Questo «venire» richiama piuttosto il mistero del Verbo che si è incarnato, come evoca la frequente ripetizione di tale termine nel Prologo. Gesù viene e Giovanni lo riconosce come «l’Agnello di Dio». Il termine «Agnello» può riferirsi alla Pasqua o anche all’Apocalisse, ma rimanda soprattutto all’idea di sacrificio, di un dono offerto a Dio perché si possa vivere la relazione con Lui, una relazione che attraverso tale offerta viene ricomposta. Ciò può accadere in quanto egli toglie, leva il peccato del mondo: il peccato è ciò che crea la distanza fra l’uomo e Dio, è quanto mantiene separati la terra e il cielo. Il Battista annuncia, quindi, che Colui che viene ricreerà la comunione fra il mondo di Dio e quello degli uomini facendosi carico del nostro peccato e accettandone le conseguenze. Ogni volta in cui partecipiamo alla celebrazione dell’Eucaristia sentiamo ripetere le stesse parole: «Ecco l’Agnello di Dio…», ma l’abitudine rischia di creare assuefazione, impedendoci di coglierne il senso profondo.

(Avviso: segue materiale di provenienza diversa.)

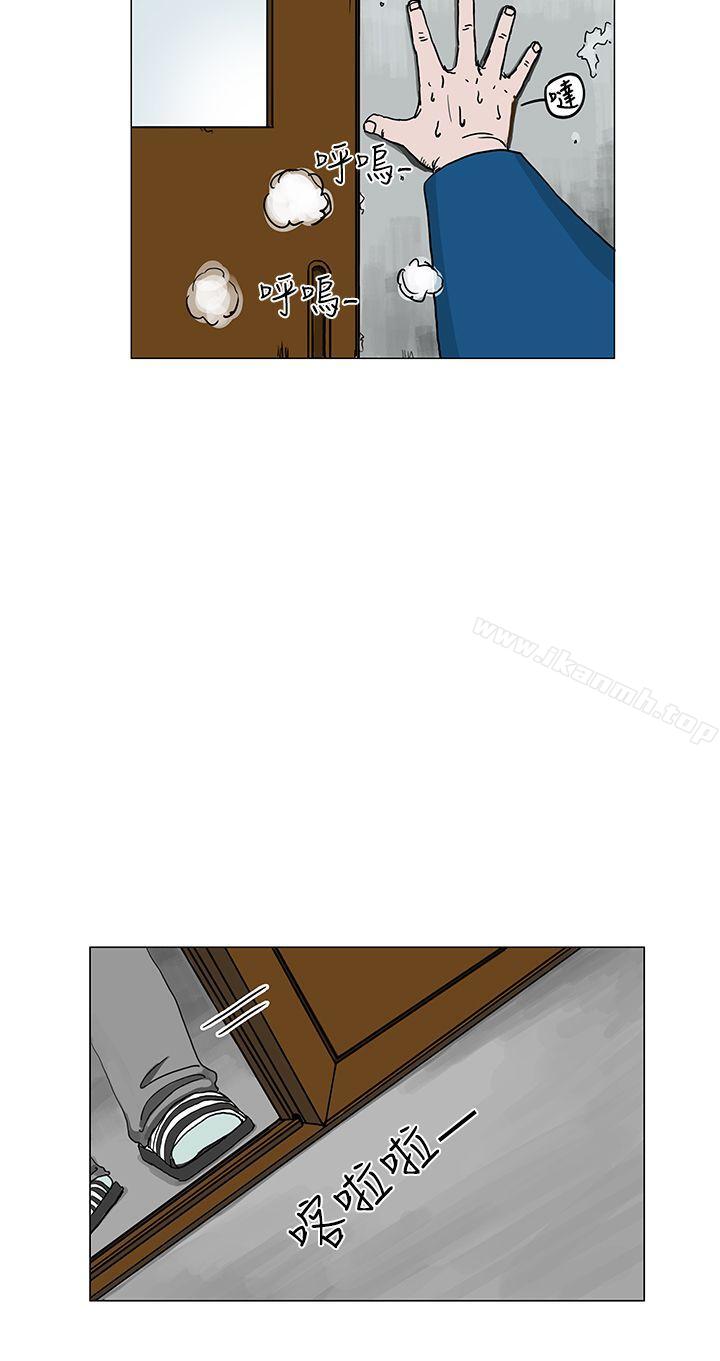 16P - RUN（完结）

Il Vangelo di questa domenica ci offre l’opportunità di approfondirne e ravvivarne il significato, ma soprattutto di lasciar sorgere nel nostro cuore sentimenti di intensa gratitudine per Colui che ha preso su di sé il peso che ci schiacciava, quanto impediva alla vita di Dio di plasmare e trasformare la nostra vita a causa della separazione creata dal peccato.
Il Battista afferma inoltre che, fino a un momento specifico della sua vita di cui parlerà in seguito, egli non conosceva Gesù. In realtà Luca narra come, quando Giovanni era ancora nel seno della madre, lo avesse riconosciuto sobbalzando nel suo grembo. Da quel momento tutti i suoi desideri e le sue attese saranno orientati e unificati in una sola direzione: l’incontro con colui di cui percepisce l’origine misteriosa, un’origine che lo precede benché la sua nascita sia antecedente. Ora egli gusta il compimento di quell’attesa, che finalmente ha assunto un volto e un nome: ora lo conosce veramente.
Questa capacità del Battista di far convergere ogni suo desiderio verso un unico fine – l’incontro con Gesù – ci interpella in merito alle nostre attese, che possono essere orientate verso tanti piccoli beni parziali e rischiano di farci vivere in modo frammentato.
Giovanni, invece, può testimoniare e contemplare la realizzazione piena di ogni sua aspirazione, grazie al riconoscimento di un segno: la discesa dello Spirito su Gesù, che rimane su di lui come presenza costante e duratura. Quello Spirito, che all’inizio dei tempi aleggiava sulle acque, ha finalmente trovato nell’uomo Gesù uno spazio in cui dimorare, un luogo in cui la sua divinità può pienamente congiungersi alla nostra umanità.
Di quest’uomo il Padre afferma, come abbiamo ascoltato domenica scorsa, che è suo Figlio. Qui, invece, è il Battista a rivelarci tale verità di cui è divenuto testimone.